Seit sieben Jahren tobt in Syrien ein Bürgerkrieg. Wie Lösungen für Syrien aussehen könnten, diskutierten Bijan Djir-Sarai MdB, außenpolitischer Sprecher der FDP-Bundestagsfraktion und Denis Mikerin, Pressesprecher der Botschaft der Russischen Föderation in Deutschland, beim Berliner Pub Talk am 26. September. Alice Greschkow hat moderiert.
500.000 Tote, zwölf Millionen Menschen auf der Flucht und ein Land, das in großen Teilen zerstört ist, sind die schrecklichen Auswirkungen des Krieges. Zurzeit sieht es so aus, als ob der syrische Präsident Assad den Krieg gewinnen wird. Ob das zwangsläufig bedeutet, dass Assad nach Kriegsende langfristig an der Macht bleibt, hängt auch damit zusammen, wie der Wiederaufbau des Landes finanziert wird.

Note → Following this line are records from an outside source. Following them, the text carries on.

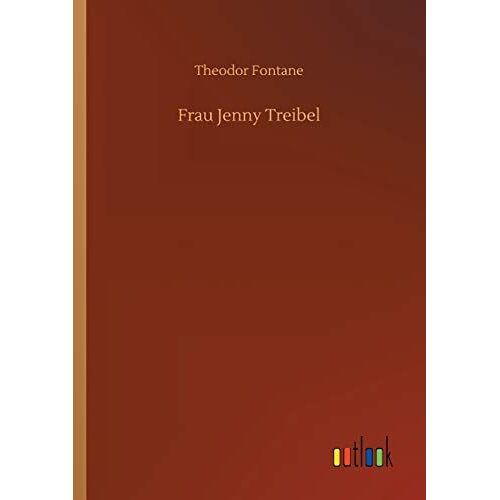 Frau Jenny Treibel
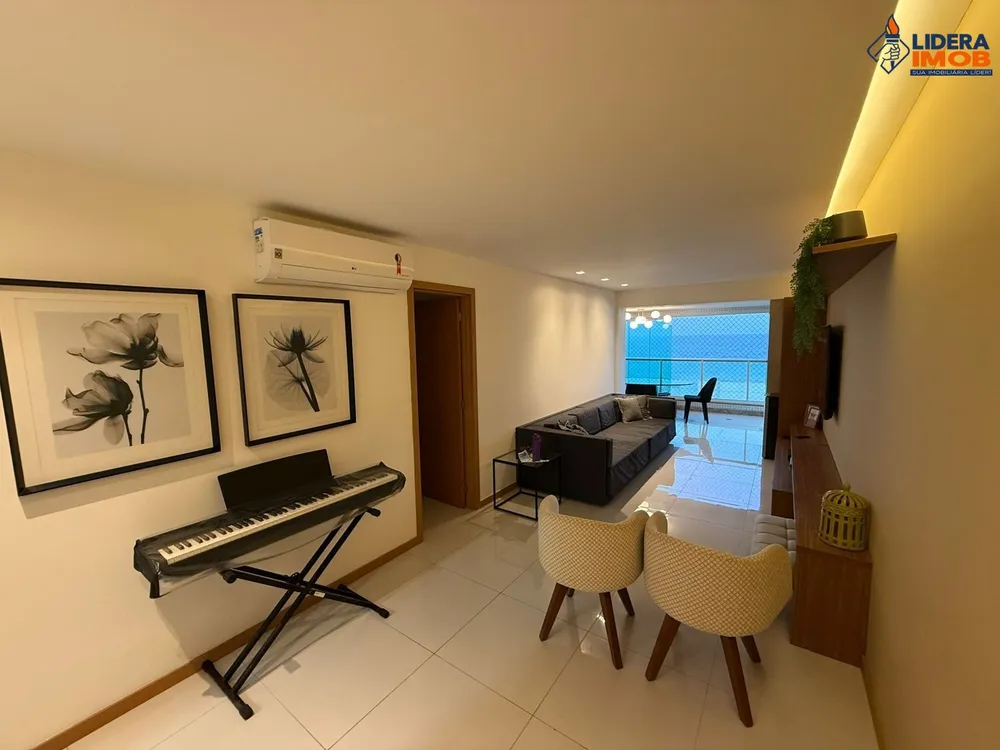 Apartamento, 3 quartos, 112 m² - Foto 2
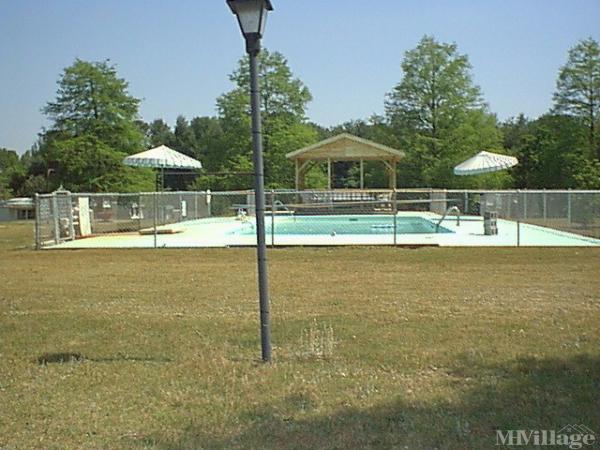 Photo of Kings Estates, Greenville SC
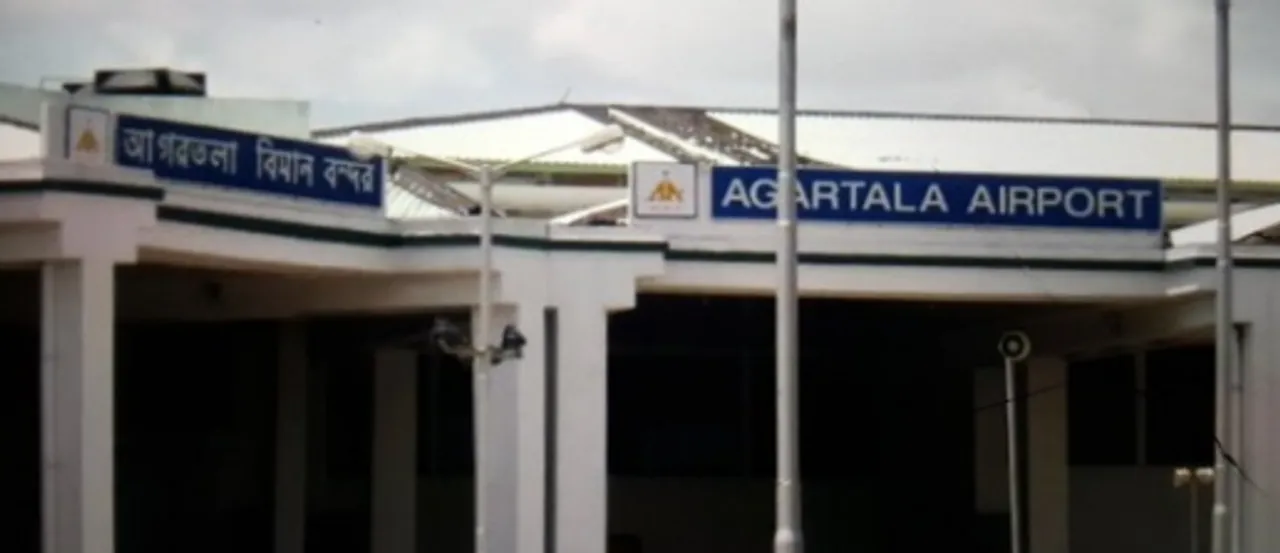 Agartala Airport to be named after Maharaja Bir Bikram Kishor Manikya Bahadur: Tripura CM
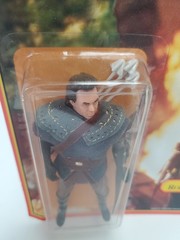 Robin Hood Prince Of Thieves Movie Robin Hood Long Bow Kevin Costner Kenner 1991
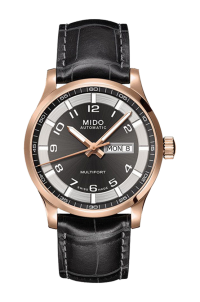 MIDO MULTIFORT GENT M005.430.36.062.80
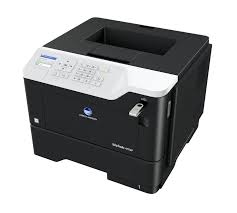 Or look in the sidebar (on the right). Konica Minolta Bizhub 4702p Laser Printer Copyfaxes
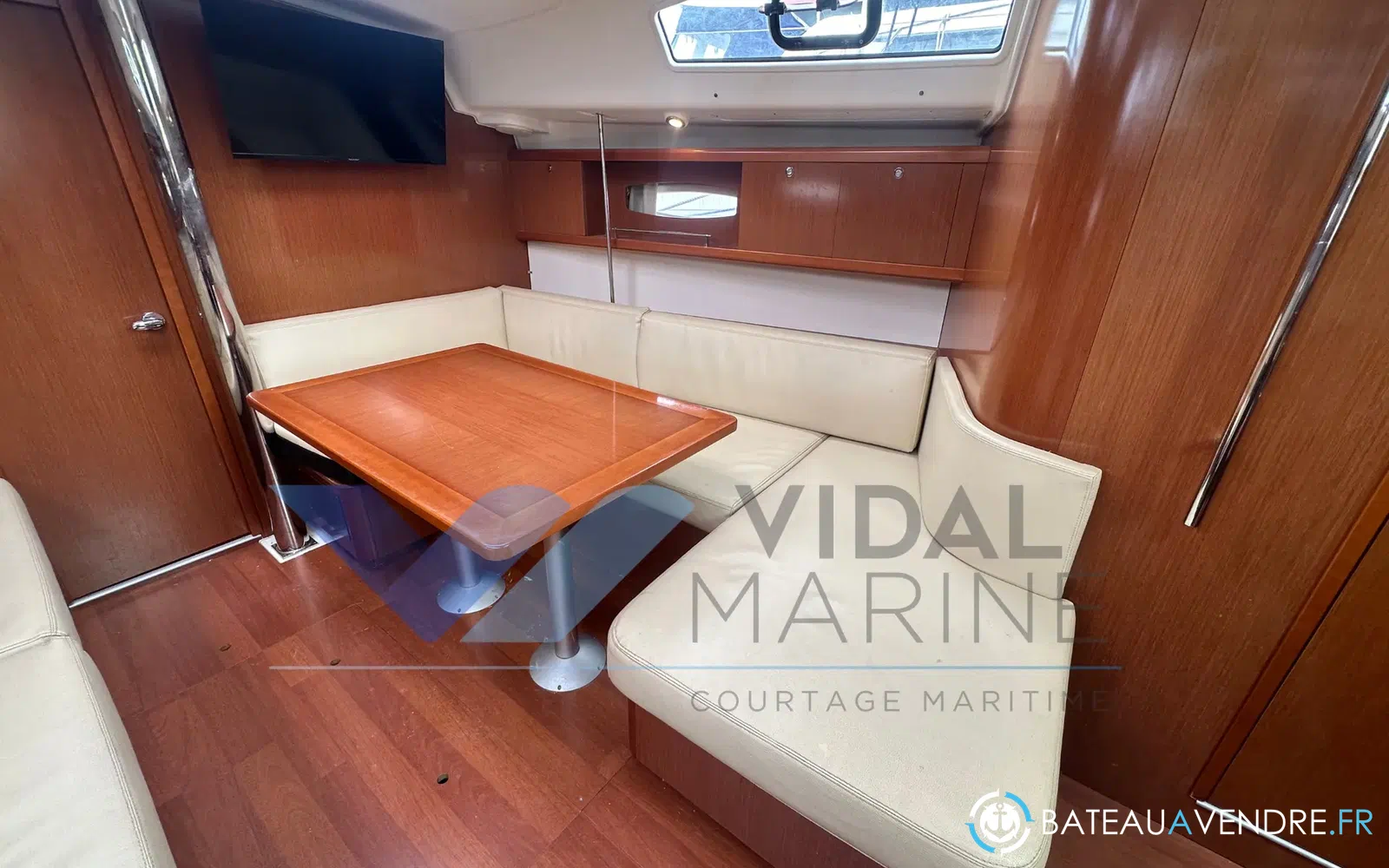 slider 6 Beneteau Oceanis 40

Mikerin verwies auf die UN Resolution 2254. In dieser habe sich die Staatengemeinschaft verpflichtet, das Selbstbestimmungsrecht des syrischen Volkes zu gewährleisten und den Wiederaufbau Syriens zu unterstützen. Russland habe sich auf Anfrage Syriens an dem Krieg beteiligt, um Terrorismus zu bekämpfen und die territoriale Identität Syriens zu sichern. Als Russland eingegriffen hat, waren 70 Prozent des syrischen Staatsgebietes von Terroristen besetzt. Djir-Sarai sah hier eine lose-lose-Situation, wenn die Wahl darin bestehe, entweder den „Schlächter Assad“ zu unterstützen oder die Terroristen. Er kritisierte, dass Deutschland und Europa überhaupt keine Rolle in Syrien spielen würden. Krieg habe nie einen Sieger. Die Diplomatie müsse die Stärke der europäischen Gemeinschaft sein. Die USA ziehe sich zurück. Wer eine Lösung wolle, müsse heute in Moskau und nicht in Washington anrufen.
Verfassung und Demokratie
Russland mache sich für einen politischen Prozess stark, betonte Mikerin. Die verfassungsgebende Versammlung solle 150 Personen umfassen. Nur 50 davon solle Assad bestimmen. Djir-Sarai forderte eine breite Beteiligung für die Verhandlungen zur syrischen Verfassung. Wichtig sei, dass auch ein Versöhnungsprozess gestartet werde. Dem stimmte Mikerin ausdrücklich zu.
Flüchtlinge
Djir-Sarai kritisierte die Gesetzesinitiative der syrischen Regierung zur Schlechterstellung von Flüchtlinge bei der Feststellung von Eigentumsansprüchen an Grund und Boden. Dabei handle es sich de facto um Enteignungen. Er könne kein Interesse der syrischen Regierung erkennen, dass die Flüchtlinge wieder zurück nach Hause kommen. Djir-Sarai skizzierte als Grund für diese Degradierung den Hintergrund, dass die syrische Regierung unter den Flüchtlingen besonders viele Kritiker des Regimes vermute – man wolle die Zahl der Kritiker reduzieren. Mikerin wies darauf hin, dass innerhalb Syriens bereit mehr als eine Million Vertriebene zurückgekehrt seien. An dem Wiederaufbau beteilige sich Russland bereits seit 2015.
Europa
Trump habe die Europäer zum Nachdenken gebracht, macht Djir-Sarai deutlich. In der Vergangenheit konnte sich die Europa blind auf die Amerikaner verlassen. Das sei nicht mehr der Fall. Darum brauche Europa eine gemeinsam Außen- und Sicherheitspolitik und auch eine gemeinsame Armee. Zurzeit sei Europa aber nicht einmal in der Lage, sich auf eine gemeinsame Flüchtlingspolitik zu einigen.
Iran
Der Iran verfolge ein ähnliches Interesse wie im Libanon, so Djir-Sarai. Dort habe die Hisbollah erhebliche Macht. Es sei wichtig, den Einfluss des Iran in der Region zu verkleinern, um die Ausweitung diverser Stellvertreterkriege mit Saudi-Arabien zu verhindern.
Fazit
Die Beseitigung der Terroristen, ein Waffenstillstand und am Ende ein normales Leben für die Syrer. Das seien die Ziele Russlands für Syrien, so Mikerin. Djir-Sarai entgegnete, dass auch Europa an Stabilität interessiert sei, aber zu glasklaren Bedingungen. Nur gemeinsame Lösungen seien zielführend.